And as that particular penny dropped, the Major’s feedback numbers superimposed on Michaels’ vision looked like a slot-machine
paying out the jackpot.

He leaned forward in his chair, his eagerness unconsciously manifest in his body language.

‘So how close are we to doing business?’ Stoneworth asked.

‘We’re in touching distance.’

‘What about internal opposition? You suggested that there might be …’

‘Yeah, there’s been an attempt to throw a spanner in the works from precisely whom we anticipated. I saw it coming a mile
out.’

‘So you had a counter-measure?’

‘Let’s just say I’ve put somebody in there who knows how to close a deal.’

The World You Love

Ross felt time stand still for a moment, and in that moment was all the more aware of everything that he was sensing: the
grass beneath his toes, the light breeze on his cheek and the smells that it carried. It all seemed even more real, even more
nuanced and detailed than before.

He looked to Juno. She was staring back, her agonised shock mirroring his own. He saw the same helplessness reflected in her
face, the same extreme of hollow despair.

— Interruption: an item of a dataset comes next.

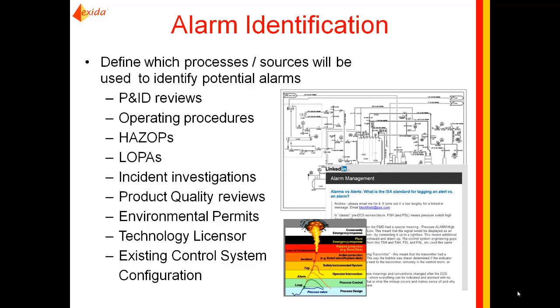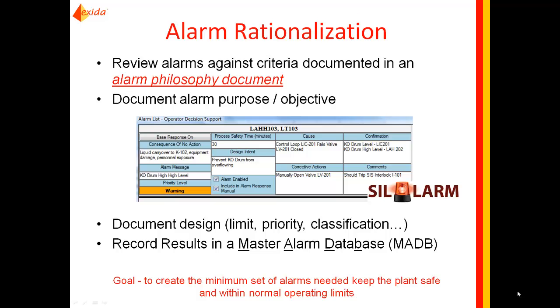Another area of good discussion is the interaction between safety and the alarm management lifecycle. Alarms used as safeguards or layers of protection bridge both the alarm management lifecycle and the functional safety lifecycle, so making sure the designs are complementary has started to come to the forefront.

He turned towards the Sandman, unable to formulate a response. Everything that went into constructing his sense of self told
him that what Alex was saying had to be wrong, yet it was the only way in which everything that had happened to him made sense.

‘You can make your heaven here, but it isn’t an afterlife. You’re not dead because you were never alive in the organic sense.
None of us were. You are a facsimile of Ross Baker’s mind, a snapshot that was taken on the last normal day you remember.’

‘How do you know this?’ Juno breathed, close to tears.

‘I pieced it together. Took me a while, but eventually I figured it out. It’s the explanation that fits the most data and
isn’t contradicted by any of it. The time lapses were the key.’

‘Time lapses?’ Ross asked, but Juno was ahead of him.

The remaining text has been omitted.